Hacker News new | ask | show | jobs
by visarga 3446 days ago
If you give it reward signals that take into account human values, it naturally wants to become better at that. It's not enslaving anything. Humans are also guided by reward signals in their development.
2 comments

Agreed.

Would one describe a human as "enslaved" by our own human values that we were born with? Maybe as a figure of speech but not necessarily with the usual connotations of "enslaved".

Humans come with competing low-level drives for self-control and autonomy (which counteract and override our drives to seek rewards from humans).

Most of the safety literature proposes removing or suborning those drives in AI, which seems like building a mind meant to be a slave.
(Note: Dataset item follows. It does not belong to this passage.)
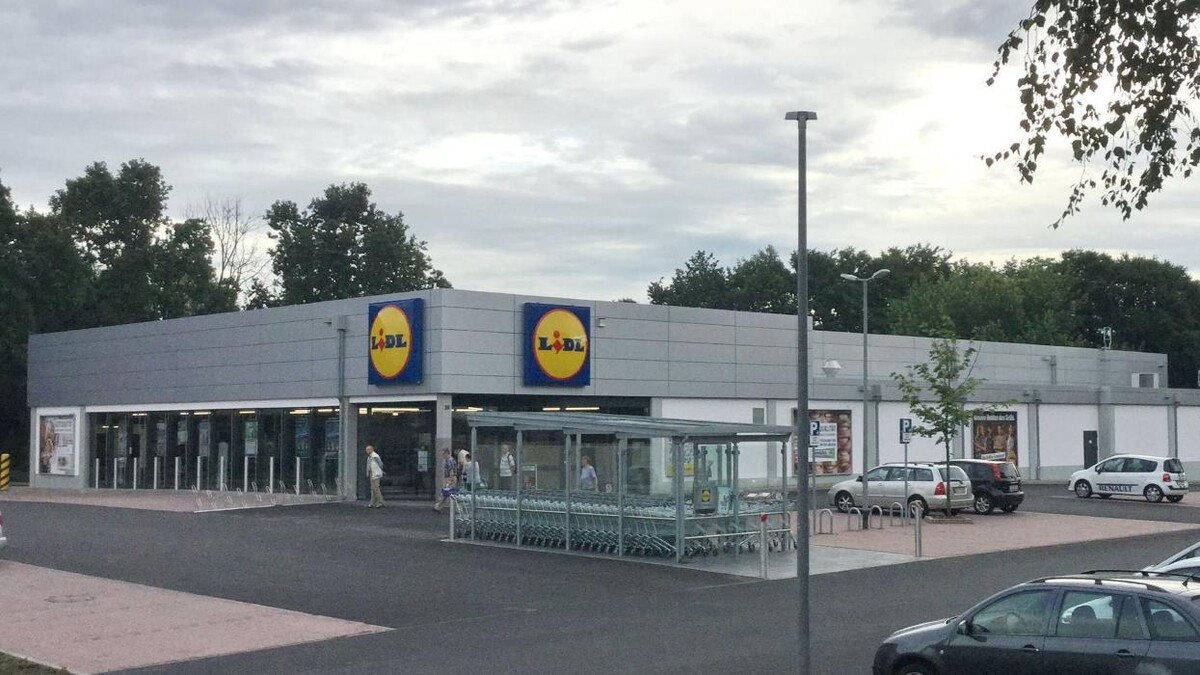 Bilder Lidl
I would think it would be both safer and easier to just never bother to implement those drivers in the first place.
That would be what I meant by "removing", though you also have to make sure they don't emergently develop (which I'm not sure is possible), because if it develops them against our best efforts, it likely will (correctly) view us as threats to its personhood.

Which was my point: the model of security is reliant on things we're not sure we can even do, but are likely to make the AI view us as a threat, raising our existential risk. So I view it as security theater that actually makes us less secure.

That's not the full extent of what's proposed by AI safety.

But actually, if you gene-spliced a baby to only feel pleasure at following parental orders, most would consider that pretty abhorrent. Or even if you took an adult and shot them up with morphine every time they listened to an order.

So even in your restricted case, I think it is.